The invention also relates to the use of the lighting system and the lighting device according to the invention to provide efficient lighting and to provide relatively safe and healthy lighting and operating states intermediate between these efficient and relatively safe and healthy lighting.

Drawings

The invention will now be further elucidated by means of an exemplary, non-limiting schematic drawing, in which:

figure 1 shows a general view of an upright lighting device according to the invention;

fig. 2A and 2B show examples of a first and a second emission spectrum, respectively, emitted by a lighting device according to the invention;

FIG. 3 shows an overlap of a blue part of the emission spectrum of the lighting device of FIGS. 2A and 2B with a blue hazard function and a circadian response function, respectively;

fig. 4 shows a schematic diagram of an interactive lighting system with dose control of blue light related to blue hazard risk.

Detailed Description

Fig. 1 shows a lighting device 1, in the figure a desk lamp, comprising a light source 3 inside a housing 5 with a reflector 7, but alternatively the reflector may be absent or a diffuser, the housing being connected to a base 11 via a flexible hinge rod 9. The base comprises a control unit 13, an intensity adjustment knob 15 and a first control knob 17. The lighting device is connectable to mains via a cable 19. The light source comprises a plurality of LEDs 21 comprising at least a first lighting element 23 and a second lighting element 25. The embodiment shown in the figure further comprises at least one green emitting LED 22 as a third lighting element and at least one orange-red emitting LED 24 as a fourth lighting element. Both the first and second lighting elements may be a single LED or a plurality of LEDs. The lighting device emits by its light source a beam 31 of preferably white spectrum, which is source light tuned via the control knob 17 in terms of intensity and/or in terms of spectral composition, in particular the ratio between the first and second emission peaks. The intensity of the light emitted by at least the first lighting element can be controlled independently of the second lighting element by means of the knob 17 and vice versa. The intensity of both the first and second lighting elements may be adjusted by dimming or increasing or by switching on/off a fraction of the respective plurality of LEDs. The intensity of the beam 31 emitted from the lighting device through the light exit window 33 of the reflector to the outside is adjustable by means of the knob 15. In addition or alternatively, the reflector accommodates a tunable filter 27 for tuning the spectral composition of the beam 31 emitted by the lighting device, which filter is also shown in fig. 1 and is tunable by means of a second control knob 29. To accommodate the fact that each eye is unique and reacts differently under different circumstances, light is thus provided that is tunable in spectral and intensity. Thus, a lighting device is provided, for example as shown in fig. 1, which is dimmable and allows for emission of different spectra, resulting in a tuning between efficient lighting and less efficient but safer, healthier lighting.

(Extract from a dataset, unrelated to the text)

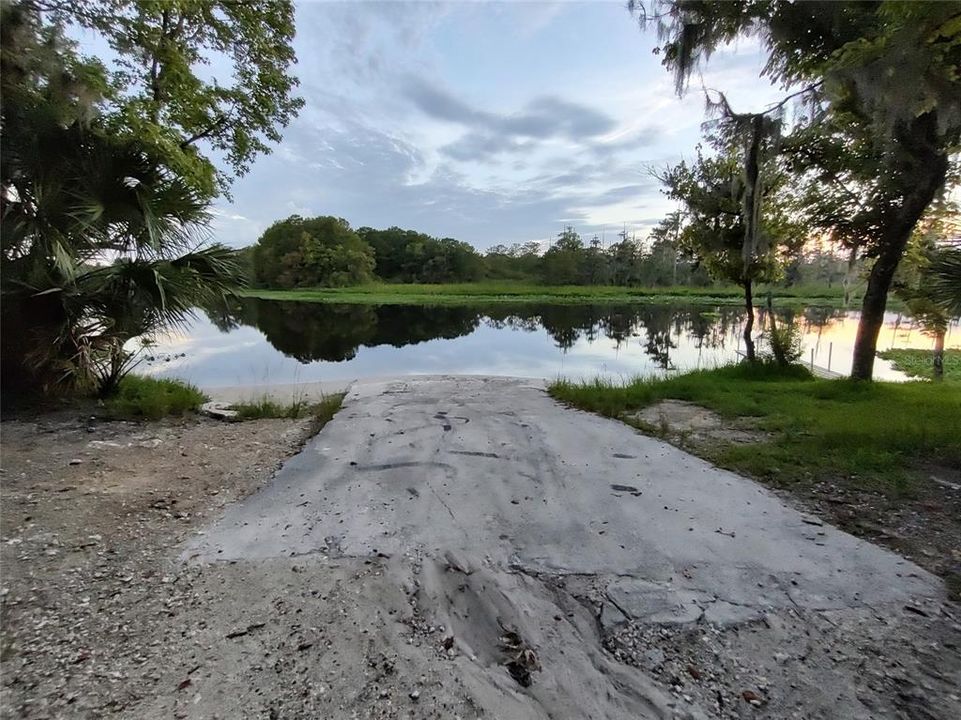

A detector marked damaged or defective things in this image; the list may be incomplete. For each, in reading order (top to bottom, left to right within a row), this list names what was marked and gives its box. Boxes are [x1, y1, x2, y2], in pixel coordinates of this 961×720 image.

cracked concrete slab [182, 376, 944, 720]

Fig. 2A and 2B show examples of a first emission spectrum 41 and a second emission spectrum 43, respectively, as emitted by a lighting device according to the present invention. Both spectra are obtained by a respective LED comprising a combination of an LED blue pump and a phosphor. The blue light from the LED pump is partially transmitted through the phosphor and partially absorbed and converted to longer wavelength light, the combination of transmitted and converted light resulting in white light. The spectrum shown in fig. 2A provides safer, healthier and more exciting light and has a peak in the blue part of the spectrum, which has a first maximum 45 at about 470nm due to the use of a "470 nm LED blue pump". The spectrum of fig. 2B provides more efficient illumination than the spectrum of fig. 2A, but with more risk of blue hazard and a peak in the blue part of the spectrum with a second maximum 47 at about 450nm due to the use of a "450 nm LED blue pump". The two spectra have a Correlated Color Temperature (CCT) of about 6500K, which corresponds to the daylight spectrum. To achieve the same CCT, the drift from the first maximum to the second maximum is taken into account via: a slight modification of the spectrum in the longer wavelength range, such as a slight shift of the peak 49 in the red-orange portion of the spectrum towards the yellow wavelength range of the spectrum. Although the CCT of the two spectra is the same, each of these spectra has certain properties and effects, which become evident, for example, in the prolonged attention and vitality experienced by the interviewee.

Fig. 3 shows an overlap of the blue part of the emission spectrum of the lighting device of fig. 2A and 2B with the blue hazard function and the circadian response function, respectively. All curves in fig. 3 are as wavesThe long function is shown normalized to 100% scale. As shown in fig. 3, the blue hazard function 51 extends approximately from 400nm to 500nm with a maximum 53 at approximately 435 nm. The circadian response function 55 is even wider than the blue hazard function and extends well beyond 400nm and 500nm and has a relatively wide maximum 57 at around 465 nm. The energy-efficient 450nm blue pump spectrum has almost 100% overlap with the blue hazard function, while the less energy-efficient 470nm blue pump spectrum has significantly less overlap with the blue hazard function. Thus, the 470nm blue pump spectrum is safer and healthier than the 450nm blue pump spectrum, but is less energy efficient. Both the 450nm blue pump and the 470nm blue pump spectra show significant overlap with the circadian response function and can be effectively used to control the circadian rhythm, whereas the 470nm blue pump spectrum is slightly different from the 450nm blue pump spectrum in this respect. To show the possibility of tuning the spectrum from safe and healthier light to more efficient light while keeping melatonin suppression substantially unaffected, fig. 3 shows the case where the first emission peaks at 480nm and the second emission peaks at 445nm, and shows the corresponding intensity I_1,2Corresponding melatonin response R_1,2And corresponding blue hazard response B_1,2. The results show that the comparison between the emission spectra substantially meets the following requirements:

I₁ * R₁ + I₂ * R₂the value is approximately equal to the constant value,

wherein

I₁Is the intensity of the emission spectrum at the first emission peak;

R₁is the melatonin response at the first emission peak;

I₂is the intensity of the emission spectrum at the second emission peak;

R₂is the melatonin response at the second emission peak.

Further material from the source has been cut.